(PROBLEM DETAILS)
Copy the data exactly.

━━ DATA EXTRACTS ━━

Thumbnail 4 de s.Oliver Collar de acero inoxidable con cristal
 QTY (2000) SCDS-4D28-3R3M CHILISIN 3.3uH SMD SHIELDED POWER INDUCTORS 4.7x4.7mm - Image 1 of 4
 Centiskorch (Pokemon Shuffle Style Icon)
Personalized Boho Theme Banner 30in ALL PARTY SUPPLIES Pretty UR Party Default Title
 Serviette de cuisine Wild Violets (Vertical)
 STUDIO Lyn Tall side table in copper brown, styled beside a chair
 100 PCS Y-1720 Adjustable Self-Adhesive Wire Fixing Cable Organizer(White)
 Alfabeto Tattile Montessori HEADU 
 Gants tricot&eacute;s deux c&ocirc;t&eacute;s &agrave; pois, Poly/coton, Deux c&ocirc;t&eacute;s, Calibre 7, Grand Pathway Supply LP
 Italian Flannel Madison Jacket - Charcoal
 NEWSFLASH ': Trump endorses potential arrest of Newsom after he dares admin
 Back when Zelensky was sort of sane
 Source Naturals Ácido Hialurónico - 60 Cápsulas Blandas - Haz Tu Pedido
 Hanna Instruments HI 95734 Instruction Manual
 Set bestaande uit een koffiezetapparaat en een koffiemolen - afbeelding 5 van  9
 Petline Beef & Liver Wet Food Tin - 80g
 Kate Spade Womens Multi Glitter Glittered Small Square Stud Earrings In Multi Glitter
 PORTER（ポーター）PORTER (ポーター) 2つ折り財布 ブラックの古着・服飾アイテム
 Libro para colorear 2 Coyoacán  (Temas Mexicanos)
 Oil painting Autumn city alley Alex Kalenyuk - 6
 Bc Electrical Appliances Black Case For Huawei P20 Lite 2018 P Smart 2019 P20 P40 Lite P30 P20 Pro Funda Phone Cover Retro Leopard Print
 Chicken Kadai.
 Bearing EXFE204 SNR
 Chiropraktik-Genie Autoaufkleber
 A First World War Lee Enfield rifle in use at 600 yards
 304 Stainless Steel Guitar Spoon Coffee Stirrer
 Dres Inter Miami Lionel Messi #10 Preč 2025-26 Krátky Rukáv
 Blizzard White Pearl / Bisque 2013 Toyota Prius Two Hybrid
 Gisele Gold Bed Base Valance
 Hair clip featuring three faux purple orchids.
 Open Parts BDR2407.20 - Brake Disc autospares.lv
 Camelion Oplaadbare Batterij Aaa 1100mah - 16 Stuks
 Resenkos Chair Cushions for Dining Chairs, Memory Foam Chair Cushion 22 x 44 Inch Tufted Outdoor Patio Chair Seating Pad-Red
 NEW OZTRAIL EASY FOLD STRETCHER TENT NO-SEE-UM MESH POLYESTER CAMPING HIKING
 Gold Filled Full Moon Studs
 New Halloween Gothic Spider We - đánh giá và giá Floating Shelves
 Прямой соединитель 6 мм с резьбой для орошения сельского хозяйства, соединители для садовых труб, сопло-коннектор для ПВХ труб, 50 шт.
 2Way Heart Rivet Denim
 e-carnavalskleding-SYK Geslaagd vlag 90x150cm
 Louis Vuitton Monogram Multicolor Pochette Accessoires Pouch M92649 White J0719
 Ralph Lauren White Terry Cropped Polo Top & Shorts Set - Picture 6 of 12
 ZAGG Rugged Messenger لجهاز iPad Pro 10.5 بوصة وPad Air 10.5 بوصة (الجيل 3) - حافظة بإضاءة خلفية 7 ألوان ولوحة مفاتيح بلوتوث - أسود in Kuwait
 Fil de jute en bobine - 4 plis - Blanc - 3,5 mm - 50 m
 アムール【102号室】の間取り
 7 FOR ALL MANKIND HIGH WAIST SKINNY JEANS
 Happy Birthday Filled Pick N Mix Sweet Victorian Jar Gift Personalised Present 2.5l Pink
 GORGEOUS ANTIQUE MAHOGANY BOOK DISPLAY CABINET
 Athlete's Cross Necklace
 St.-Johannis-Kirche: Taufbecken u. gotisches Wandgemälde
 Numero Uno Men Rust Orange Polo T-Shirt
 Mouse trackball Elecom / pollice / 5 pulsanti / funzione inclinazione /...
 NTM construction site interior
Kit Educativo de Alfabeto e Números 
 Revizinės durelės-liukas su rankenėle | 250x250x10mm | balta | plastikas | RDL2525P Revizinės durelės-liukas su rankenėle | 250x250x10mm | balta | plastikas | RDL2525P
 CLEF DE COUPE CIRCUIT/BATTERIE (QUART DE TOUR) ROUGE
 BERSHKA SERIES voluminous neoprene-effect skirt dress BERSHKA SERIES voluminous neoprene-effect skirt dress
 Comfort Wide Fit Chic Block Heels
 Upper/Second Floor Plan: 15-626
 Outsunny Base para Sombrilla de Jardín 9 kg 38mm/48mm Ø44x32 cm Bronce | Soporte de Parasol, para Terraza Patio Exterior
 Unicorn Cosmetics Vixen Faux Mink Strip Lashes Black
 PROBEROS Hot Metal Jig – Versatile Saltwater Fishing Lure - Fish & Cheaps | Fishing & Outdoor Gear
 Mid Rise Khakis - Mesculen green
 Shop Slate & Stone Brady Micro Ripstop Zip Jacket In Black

━━━

(WRITTEN ANSWER)
Thumbnail 4 de s.Oliver Collar de acero inoxidable con cristal
 QTY (2000) SCDS-4D28-3R3M CHILISIN 3.3uH SMD SHIELDED POWER INDUCTORS 4.7x4.7mm - Image 1 of 4
 Centiskorch (Pokemon Shuffle Style Icon)
Personalized Boho Theme Banner 30in ALL PARTY SUPPLIES Pretty UR Party Default Title
 Serviette de cuisine Wild Violets (Vertical)
 STUDIO Lyn Tall side table in copper brown, styled beside a chair
 100 PCS Y-1720 Adjustable Self-Adhesive Wire Fixing Cable Organizer(White)
 Alfabeto Tattile Montessori HEADU 
 Gants tricot&eacute;s deux c&ocirc;t&eacute;s &agrave; pois, Poly/coton, Deux c&ocirc;t&eacute;s, Calibre 7, Grand Pathway Supply LP
 Italian Flannel Madison Jacket - Charcoal
 NEWSFLASH ': Trump endorses potential arrest of Newsom after he dares admin
 Back when Zelensky was sort of sane
 Source Naturals Ácido Hialurónico - 60 Cápsulas Blandas - Haz Tu Pedido
 Hanna Instruments HI 95734 Instruction Manual
 Set bestaande uit een koffiezetapparaat en een koffiemolen - afbeelding 5 van  9
 Petline Beef & Liver Wet Food Tin - 80g
 Kate Spade Womens Multi Glitter Glittered Small Square Stud Earrings In Multi Glitter
 PORTER（ポーター）PORTER (ポーター) 2つ折り財布 ブラックの古着・服飾アイテム
 Libro para colorear 2 Coyoacán  (Temas Mexicanos)
 Oil painting Autumn city alley Alex Kalenyuk - 6
 Bc Electrical Appliances Black Case For Huawei P20 Lite 2018 P Smart 2019 P20 P40 Lite P30 P20 Pro Funda Phone Cover Retro Leopard Print
 Chicken Kadai.
 Bearing EXFE204 SNR
 Chiropraktik-Genie Autoaufkleber
 A First World War Lee Enfield rifle in use at 600 yards
 304 Stainless Steel Guitar Spoon Coffee Stirrer
 Dres Inter Miami Lionel Messi #10 Preč 2025-26 Krátky Rukáv
 Blizzard White Pearl / Bisque 2013 Toyota Prius Two Hybrid
 Gisele Gold Bed Base Valance
 Hair clip featuring three faux purple orchids.
 Open Parts BDR2407.20 - Brake Disc autospares.lv
 Camelion Oplaadbare Batterij Aaa 1100mah - 16 Stuks
 Resenkos Chair Cushions for Dining Chairs, Memory Foam Chair Cushion 22 x 44 Inch Tufted Outdoor Patio Chair Seating Pad-Red
 NEW OZTRAIL EASY FOLD STRETCHER TENT NO-SEE-UM MESH POLYESTER CAMPING HIKING
 Gold Filled Full Moon Studs
 New Halloween Gothic Spider We - đánh giá và giá Floating Shelves
 Прямой соединитель 6 мм с резьбой для орошения сельского хозяйства, соединители для садовых труб, сопло-коннектор для ПВХ труб, 50 шт.
 2Way Heart Rivet Denim
 e-carnavalskleding-SYK Geslaagd vlag 90x150cm
 Louis Vuitton Monogram Multicolor Pochette Accessoires Pouch M92649 White J0719
 Ralph Lauren White Terry Cropped Polo Top & Shorts Set - Picture 6 of 12
 ZAGG Rugged Messenger لجهاز iPad Pro 10.5 بوصة وPad Air 10.5 بوصة (الجيل 3) - حافظة بإضاءة خلفية 7 ألوان ولوحة مفاتيح بلوتوث - أسود in Kuwait
 Fil de jute en bobine - 4 plis - Blanc - 3,5 mm - 50 m
 アムール【102号室】の間取り
 7 FOR ALL MANKIND HIGH WAIST SKINNY JEANS
 Happy Birthday Filled Pick N Mix Sweet Victorian Jar Gift Personalised Present 2.5l Pink
 GORGEOUS ANTIQUE MAHOGANY BOOK DISPLAY CABINET
 Athlete's Cross Necklace
 St.-Johannis-Kirche: Taufbecken u. gotisches Wandgemälde
 Numero Uno Men Rust Orange Polo T-Shirt
 Mouse trackball Elecom / pollice / 5 pulsanti / funzione inclinazione /...
 NTM construction site interior
Kit Educativo de Alfabeto e Números 
 Revizinės durelės-liukas su rankenėle | 250x250x10mm | balta | plastikas | RDL2525P Revizinės durelės-liukas su rankenėle | 250x250x10mm | balta | plastikas | RDL2525P
 CLEF DE COUPE CIRCUIT/BATTERIE (QUART DE TOUR) ROUGE
 BERSHKA SERIES voluminous neoprene-effect skirt dress BERSHKA SERIES voluminous neoprene-effect skirt dress
 Comfort Wide Fit Chic Block Heels
 Upper/Second Floor Plan: 15-626
 Outsunny Base para Sombrilla de Jardín 9 kg 38mm/48mm Ø44x32 cm Bronce | Soporte de Parasol, para Terraza Patio Exterior
 Unicorn Cosmetics Vixen Faux Mink Strip Lashes Black
 PROBEROS Hot Metal Jig – Versatile Saltwater Fishing Lure - Fish & Cheaps | Fishing & Outdoor Gear
 Mid Rise Khakis - Mesculen green
 Shop Slate & Stone Brady Micro Ripstop Zip Jacket In Black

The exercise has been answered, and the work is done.